Just had my nice new shed delivered. It has a ply wood floor. Just wondering what the best way to preserve this would be? 

I will be keeping my petrol mower in it along with a few other bits and pieces. 

Shed size is 8 foot by 6 foot. 

Was thinking a varnish or stain? Dont want it to be really slippy though.


----------



## slim_boy_fat (Jun 23, 2006)

I'd be wary of using varnish as wet from the mower/feet etc is likely to get underneath eventually.................

I have an area of mine covered with Costco's foam tiles [excellent] at the 'work' bench areas, very easy on the feet. The rest is left in ply.


----------



## aerodynamic18 (Feb 12, 2011)

i got my dads one a bit of vinyl. It looked really nice until he stuck his stuff in it and made it look untidy! Done him well over 3yrs


----------



## Matt_H (Jan 1, 2007)

Yer i think vinyle is a good option, will see if i can get a cheap offcut. 

So is it not advised to seal the wood on the floor with some sort of treatment then?


----------



## aerodynamic18 (Feb 12, 2011)

its better to let it breath tbh. So the most u would use is creasote and deff not stain.

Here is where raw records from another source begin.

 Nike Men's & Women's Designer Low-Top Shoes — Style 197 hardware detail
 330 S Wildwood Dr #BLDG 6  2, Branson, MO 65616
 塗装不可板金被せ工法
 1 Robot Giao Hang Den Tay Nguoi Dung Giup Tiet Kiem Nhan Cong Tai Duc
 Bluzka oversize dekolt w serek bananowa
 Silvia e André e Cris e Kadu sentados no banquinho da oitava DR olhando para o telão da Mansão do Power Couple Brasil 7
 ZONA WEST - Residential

I was told this by the shed guy about the outside. my dad sealed his last shed and thats what wrecked it lol.Having air circulating within the shed stops it rotting


----------



## lisaclio (Sep 6, 2008)

wood contracts and expands with the weather. you can get a clear sealer which will preserve it and keep it full of its natural oils. if you go to a crown decorators shop they sell sadolin and thats the make you want to go for.


----------



## Titanium Htail (Mar 24, 2012)

Although you could stain the floor once done you may need to keep up that process for some time, and that is impractical, you could use an alternative covering for each area as already suggested, keeping it clean and dry will be important.

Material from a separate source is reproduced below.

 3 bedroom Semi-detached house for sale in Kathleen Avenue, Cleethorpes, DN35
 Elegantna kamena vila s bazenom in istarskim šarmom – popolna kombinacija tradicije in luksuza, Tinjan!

The damage if any will come from the underside and sealing the floor to that extent more harmful, you can buy oiled hardboard in big sheets and put it rough side up, mud, grass, muddy boots oil or petrol will soon be on your nice floor, and the hardboard can be replaced as and when. The ply used may be thin and in itself will not move. Keep the mower in a three sided card-board fruit box something sturdy to stop the spills and rotting, or deep tray of some sort. 

My own new shed is on the way, I make stained glass windows so enjoy your space and have fun.


----------